The Superman opening credits were the first that I knew by heart, I had seen it so many times. An English major in the making, I knew it was 57 seconds of perfect exposition (and the best TV use of the harp).

Faster than a speeding bullet.
More powerful than a locomotive!
Able to leap tall buildings in a single bound!

("Look! Up in the sky!" "It's a bird!" "It's a plane!" "It's Superman!")... Yes, it's Superman ... strange visitor from another planet, who came to Earth with powers and abilities far beyond those of mortal men! Superman ... who can change the course of mighty rivers, bend steel in his bare hands, and who, disguised as Clark Kent, mild-mannered reporter for a great metropolitan newspaper, fights a never-ending battle for truth, justice, and the American way!

I wasn't into comic books, or the Justice League, and I saw the Christopher Reeve movies when they hit TV, but not before.

But I have some emotional bond to the character and the idea of Superman by cultural osmosis, and the musical manipulation of John Williams. I didn't like the cartoony Lois & Clark, but Smallville was an excellent series, with the perfect ending (as Lance Mannion well knows). So this is what I entered the theater with to see Man of Steel.

[Minor spoilers]

I found myself responding to the super-moments: Superman saving the guys on the oil rig; boy Clark saving the bus of kids; Superman's birth history; the first look at Caville in the suit, with the cape flying behind him; the kneel down on the ice to the great leap into the sky. All iconographic, all tingle points, event for the casual fan.

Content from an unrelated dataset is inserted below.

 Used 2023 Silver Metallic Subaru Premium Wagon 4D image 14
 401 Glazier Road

And then there are the HUGE problems, neatly articulated by Super-fan Mark Waid.

Broad points:

Superman's oblivious, literal destruction of Smallville & Metropolis is horrific. The loss of life amongst all those building being destroyed is incalculable and obscene. This is not who Superman is.

Some of Mark's great lines:

"Superman making absolutely no effort to take the fight, like, ONE BLOCK AWAY INTO A CORNFIELD INSTEAD OF ON MAIN STREET." [I love this point.]

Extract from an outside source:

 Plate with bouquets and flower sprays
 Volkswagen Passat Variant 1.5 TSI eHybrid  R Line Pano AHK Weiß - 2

"From everything shown to us from the moment he put on the suit, Superman rarely if ever bothered to give the safety and welfare of the people around him one bit of thought."

"As the credits rolled, I told myself I was upset because Superman doesn’t kill. Full-stop. Superman doesn’t kill."

Grief, Anger, and 9/11
I don't know the whole Superman canon for examples of previous anger. The casual fan saw Christopher Reeve's profound grief in Superman II over the death of Lois Lane turn into an anger so great that he could fly against the rotation of the earth and reset time. Cool. That was anger channeled to do something positive. Plus, it was the beginning of the 1980s, big things seemed possible.

Zack Snyder's Superman is oblivious to the anger that drives him to destroy the buildings of his hometown, and then blocks and blocks of the skyscrapers of Metropolis. That's what's so terrible.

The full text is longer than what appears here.